Os dois shoppings de Bauru liberam a entrada de animais acompanhados de seus donos. No caso do Bauru Shopping a circulação dos cães de médio e grande porte não é permitida. É permitida a entrada de cães de pequeno portes desde que conduzidos na coleira, no colo ou em dispositivos de transporte apropriados (gaiolas de viagem). Cães guias de portadores de deficiência visual têm livre acesso independente do tamanho. E para estabelecer o que são cães de pequeno porte, a assessoria do Bauru Shopping até elaborou uma tabela, fácil de visualizar em que caso os cães se enquadram.

Já o Boulevard Shopping Nações, não faz restrição de tamanho. “Desde que estejam com guias e coleiras e com seus responsáveis,  qualquer um é bem-vindo”, diz Thais de Melo, coordenadora de marketing do local. Claro que há a disposição que proíbe o passeio de cães ferozes, em vias públicas sem focinheiras, de acordo com a lei 4430 de 1999. Isso também precisa ser respeitado.

Em nenhum dos casos é permitida a presença deles na área de alimentação.


Há leis com proibições para que a presença deles não ponha em risco a saúde humana

Da mesma forma, a lei federal não permite jamais animais em bares e restaurantes. O setor é regulamentado pela Vigilância Sanitária que proíbe expressamente a presença de animais. Nem mesmo gatos sob o argumento de que eles matam os ratos. Ratos trazem doenças e, um gato seria, em tese, mais limpo e saudável, ou seja, menor agente transmissor. Na, na, ni, na, não. Onde há alimentos a presença deles não é bem-vinda.  Animais de acordo com o senso comum e o entendimento das autoridades sanitárias podem sim, colocar em risco a saúde humana.

Por essa razão a ideia de um gato lindo, dormindo em cima de um saco de farinha numa mercearia  ou padaria já virou imagem de calendário antigo. Da mesma forma você pode perfeitamente encontrar um pássaro engaiolado em uma sapataria, mas jamais a Vigilância Sanitária permitirá qualquer tipo de ave em um bar ou restaurante.

Supermercados

É o mesmo princípio que norteia a proibição de animais em supermercados.

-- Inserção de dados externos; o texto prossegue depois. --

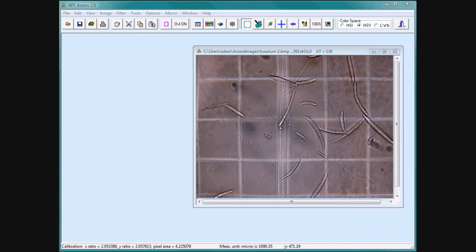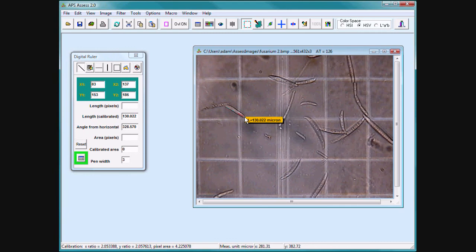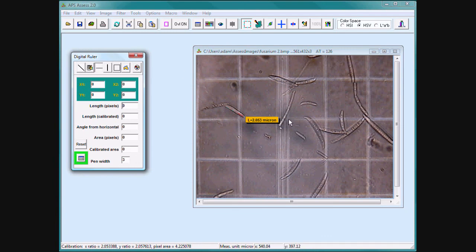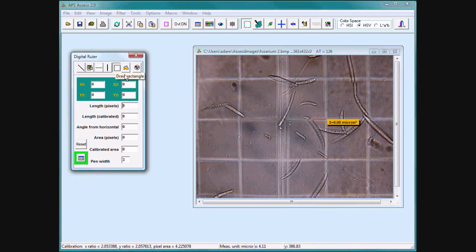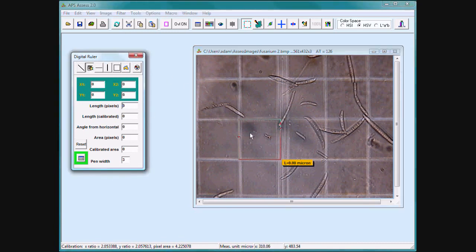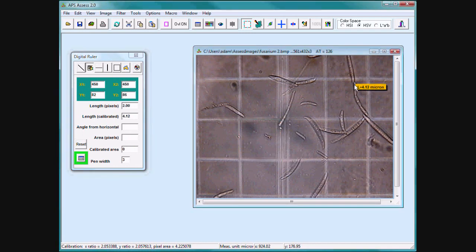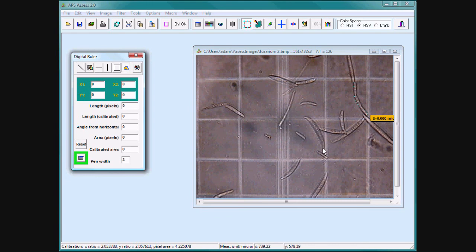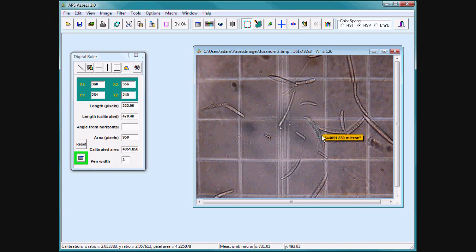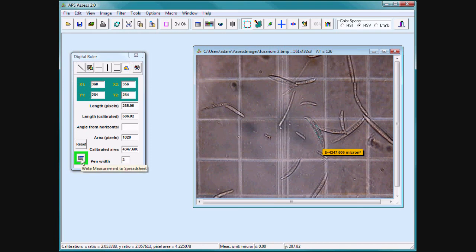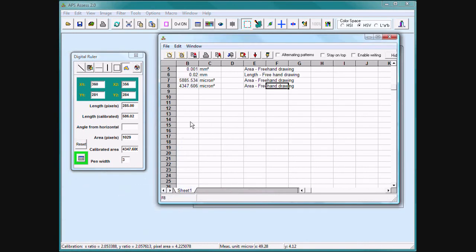Once Assess is calibrated, the tools can easily measure distance or area. Open the digital ruler. Trace a line or an area, freehand drawing or freehand closed curve. Clicking on the spreadsheet icon copies the information into the spreadsheet.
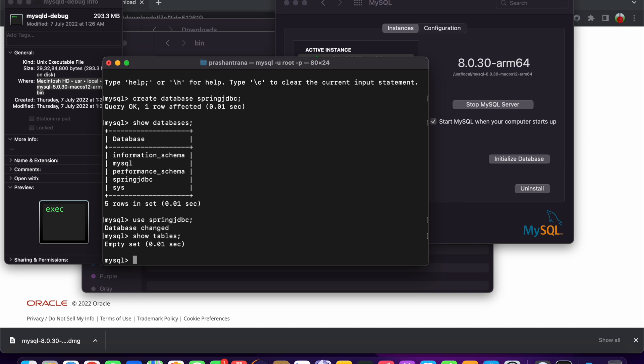Using this video and these commands, you can install MySQL on your macOS machine — both Apple Silicon based and Intel based. I will also be sharing valuable information in the video description. That's it for today — thank you!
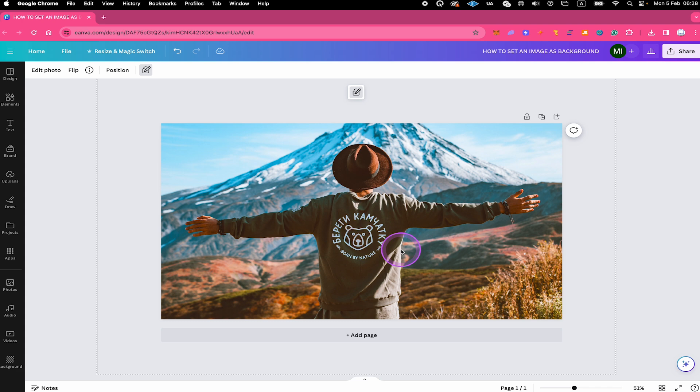Now that you learned about this basic technique in Canva, I highly recommend you to watch the next video on this channel where I will show you the 30 greatest Canva hacks.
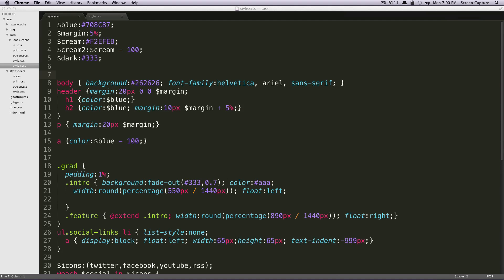Hey, what's up? This is Scott with Level Up Tuts, and today I'm going to show you how to change your output style in terminal using SASS.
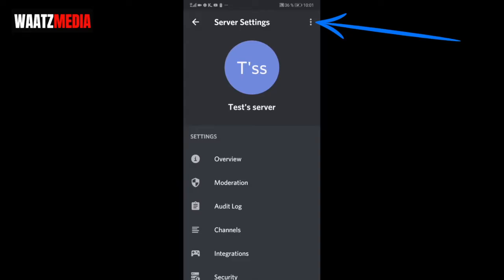Go up to the top right corner one more time and click on the three dots. Now you see delete server—click on that.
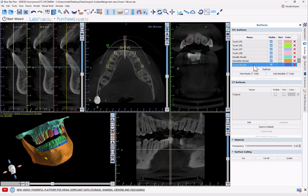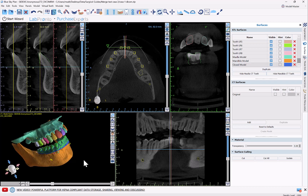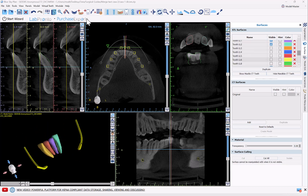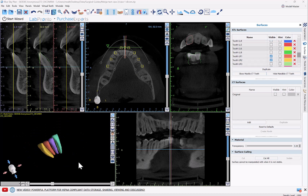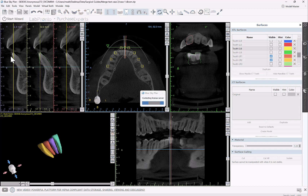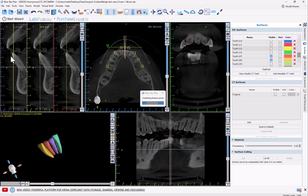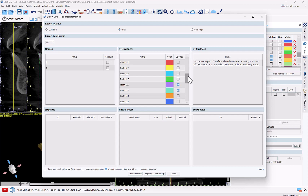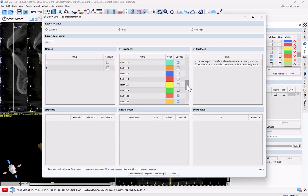Now I could really do this tooth by tooth, but if I have multiple teeth I want to subtract from the model at the same time, there's a quicker way of doing this. For example, if I want to extract our lower anterior teeth, what I could do is simply go to File > Export Data — and don't worry, we're not actually exporting the data, and at this point it would still be free of charge. What we're going to do is confirm that we have the correct surfaces selected, and then click 'Create Surface.'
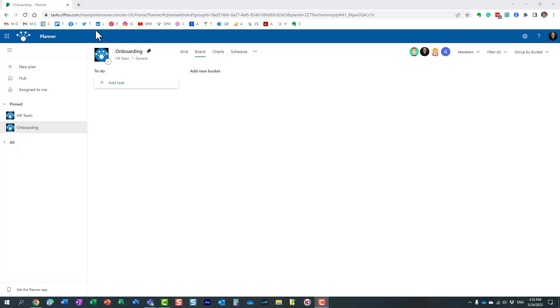Hello, this is Greg from SharePoint Maven, and in today's video, I would like to explain to you how you can create recurring tasks in Planner.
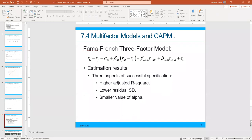Let's talk about the multi-factor model and CAPM. The Fama-French three-factor model is like CAPM on steroids. They added more factors to the formula to control for small versus big companies and high versus low returns and size. This formula performs a little better than CAPM: you get a higher adjusted R-squared, more explanation of variability, a lower residual standard deviation, and a smaller alpha intercept.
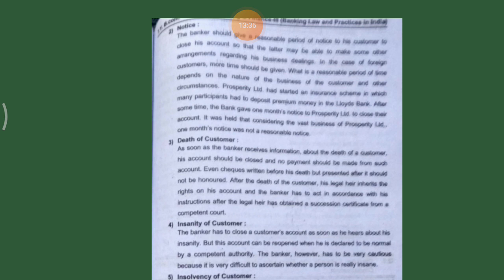The fourth way is insanity of the customer. The banker has to close an account if he hears that his customer is insane, but the account can be reopened when the customer is declared normal by a competent authority. The banker has to be very cautious because it is difficult to ascertain whether the person is really insane or not. The fifth way is insolvency of the customer. When the customer is not able to pay off his debts, that is known as insolvency. The account should be closed as soon as the bank gets information about the customer's insolvency, and may be operated only under the instructions of the receiver or administrator appointed to handle the insolvent customer's affairs.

Onde há alimento, sai toda e qualquer fonte de eventual contaminação.

O que não quer dizer que para conforto dos usuários não se possa ir ao supermercado com o pet. Mas ele tem que ficar do lado de fora ou em áreas externas de convivência.  Daí o bom senso orienta ir pelo menos em dupla. Um fica de fora do estabelecimento enquanto o outro faz a compra. Pets nos corredores, nem pensar.

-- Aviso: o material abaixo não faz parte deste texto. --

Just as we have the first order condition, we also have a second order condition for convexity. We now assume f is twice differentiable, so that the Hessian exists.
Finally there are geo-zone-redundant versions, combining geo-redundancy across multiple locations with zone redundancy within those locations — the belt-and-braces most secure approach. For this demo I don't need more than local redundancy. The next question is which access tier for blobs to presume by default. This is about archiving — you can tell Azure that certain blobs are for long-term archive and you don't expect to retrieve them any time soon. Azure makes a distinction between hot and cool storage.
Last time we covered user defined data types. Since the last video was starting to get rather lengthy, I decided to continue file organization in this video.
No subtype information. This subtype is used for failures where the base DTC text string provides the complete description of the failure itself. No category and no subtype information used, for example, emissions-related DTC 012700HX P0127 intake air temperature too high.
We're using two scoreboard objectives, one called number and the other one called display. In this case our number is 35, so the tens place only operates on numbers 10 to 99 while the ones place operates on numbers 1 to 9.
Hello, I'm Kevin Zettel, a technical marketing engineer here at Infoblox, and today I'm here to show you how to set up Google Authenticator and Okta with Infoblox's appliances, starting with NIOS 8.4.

Se usar o bom senso é o que conta, foi o que fez recentemente a Câmara Municipal ao receber a presença de um cãozinho, a fêmea de pincher, Aninha, devidamente alojada no colo de sua proprietária, Regina Ariede.

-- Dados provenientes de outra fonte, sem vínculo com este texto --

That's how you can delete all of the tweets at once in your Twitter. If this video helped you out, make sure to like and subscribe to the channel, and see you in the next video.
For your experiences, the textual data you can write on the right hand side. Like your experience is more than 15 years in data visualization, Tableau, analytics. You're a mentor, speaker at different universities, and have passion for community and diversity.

Aninha estava lá para, digamos, cobrar dos vereadores um projeto que vai permitir a implantação de um centro de proteção animal em Bauru. Nesse caso a pet que já tem mais de oito anos, e é bem pequena, foi bem recebida no local. É claro que a cobrança foi feita pela dona dela, Regina Ariede que é representante da ONG, S.O.S Gatinhos.

Revisão

E o presidente  do Conselho Municipal de Proteção e Defesa dos Animais (Comupda), Leandro Tessari, concorda que não há porque barrar pequenos cães como a pincher Aninha, a não ser claro em unidades de saúde. “Ela cabe em uma bolsa, já fui com a Regina e ela até em cafeterias e ninguém falou nada”. Mas ele também concorda é preciso contar apenas com a boa vontade de quem recepciona e o bom senso por parte dos donos ou gerentes dos estabelecimentos comerciais.